When I completed the first book in the Zaria Fierce Trilogy I noticed something odd. I was reading differently. I know it’s a bold statement to say writing a book changes how you read books. But is the concept really all that farfetched, or is it all too obvious? I’ll let you decide.
Before writing Zaria Fierce and the Secret of Gloomwood Forest, paying attention to how I read was not anything I thought to analyze. I simply read and enjoyed. Even while writing Zaria’s first adventures to Norway, it wasn’t something on my radar, but I noticed while editing and readying the book for publication that my reading habits had changed. I wasn’t just a reader anymore, simply reading to enjoy a book, I was an author, too. I was reading books and dissecting what other authors did.

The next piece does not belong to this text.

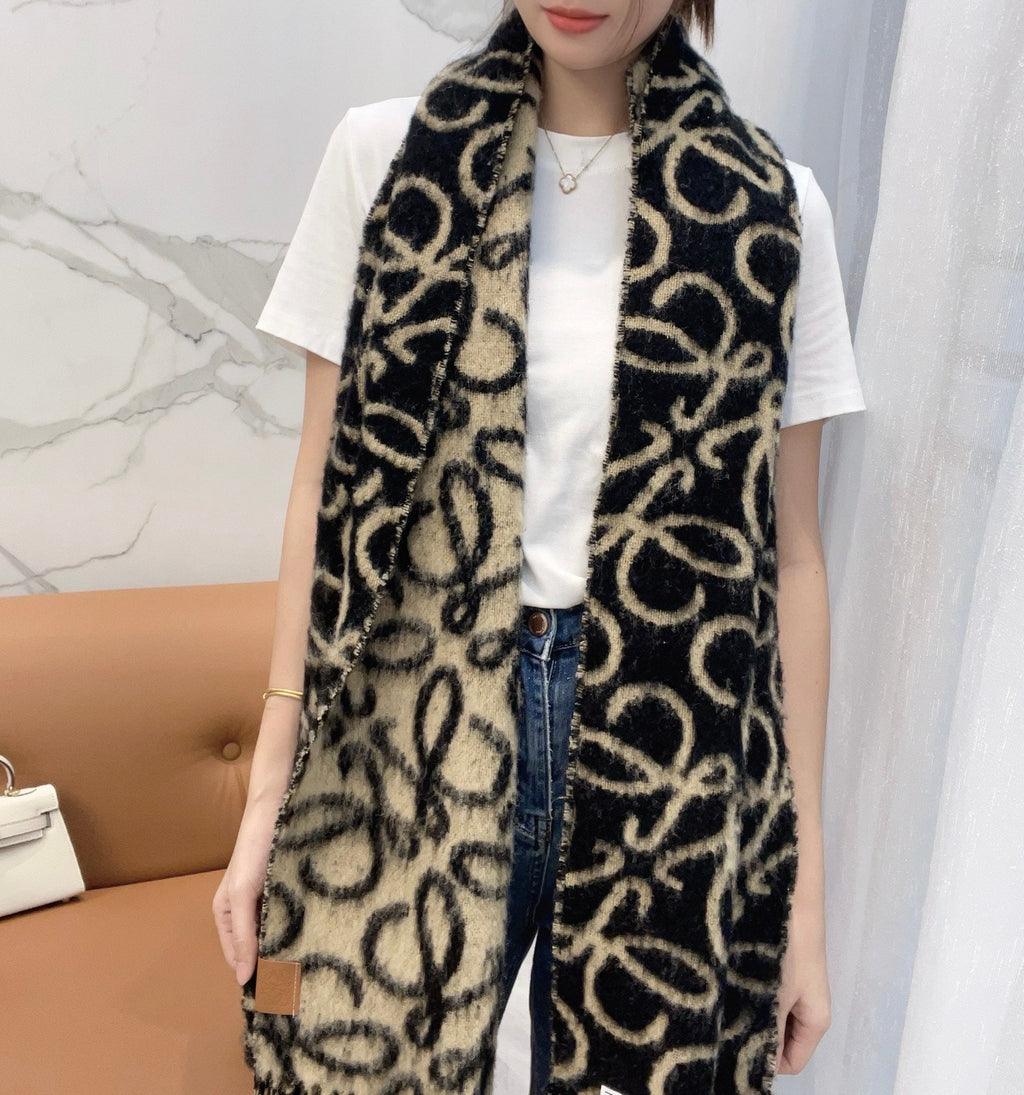 LOEWE SCARF 186 CM IN BLACK MIX CAMEL BEIGE ALPACA AND WOOL 403823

Now, that I’ve published my first trilogy set out into the world, I notice the changes in how I read even more. Witty turns of phrases catch my attention like landmarks on a road trip. I always loved a clever phrase as a reader, but as an author I am admiring the craft and skill involved, how easily it slid into place and flowed with the rest of the text.

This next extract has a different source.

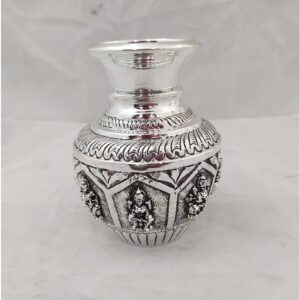 92.5 pure silver lakshmi vase in high embossing pO-168-02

I marvel at how sentences are engineered. For instance from a newspaper article came, “his words popped sporadically like popcorn.” What a clear visual and sound impression. I can hear it and see it – a little man jumping around to emphasize thoughts as they came to him.

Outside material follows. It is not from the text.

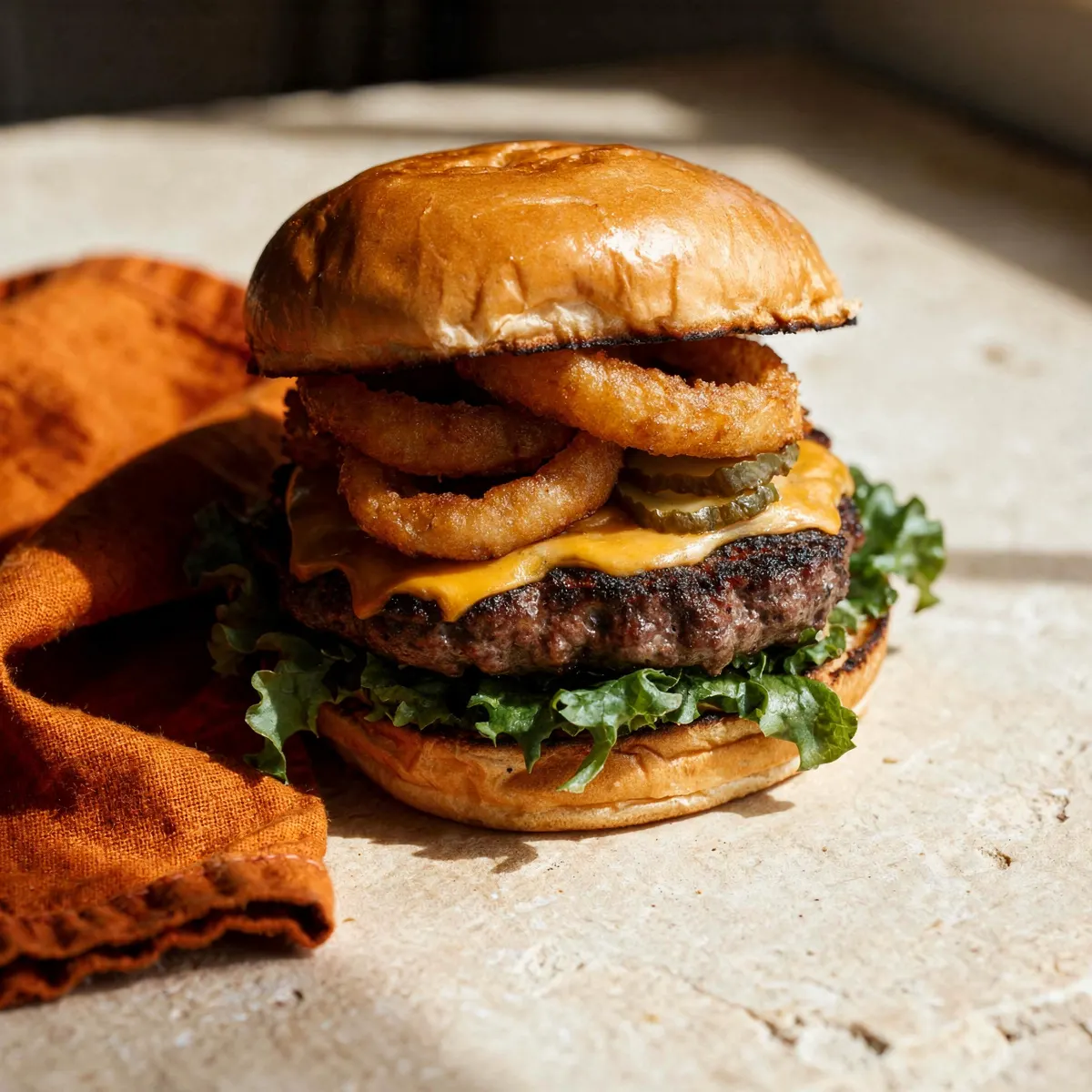 Smash Cheeseburger & Rings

Another thing I do is question word choices describing actions. Can someone’s gaze climb over someone’s appearance? Certainly the movement is clear, but eyes don’t have limbs to climb with, so does it work? And if for instance would the word traveled be better? Can a gaze travel over someone’s appearance? If it is better, why is it better? The gaze still doesn’t have limbs… but it can move, by changing where it’s looking.
I especially appreciate correct words in a story instead of their mistaken counterparts like compliment vs complement and homed in on vs honed in on. (Not that I didn’t appreciate them before, but now I feel more sympathetic toward malapropisms in text. I hated finding those in my own writing. They creep up far too often, and an author can’t claim distractions or interruptions for all of them! Though we will try.)
I read a lot of grammar blogs. More and more as the time passes. I want to stay sharp, learn new tricks, catch errors that might be missed, and hopefully polish my writing with their nuggets of wisdom. So yes, I still enjoy the story, and I might think about all the same things other readers or authors might when reading. But, I’m now analyzing how the words got on the page and learning wisdom on how to write at each author’s feet.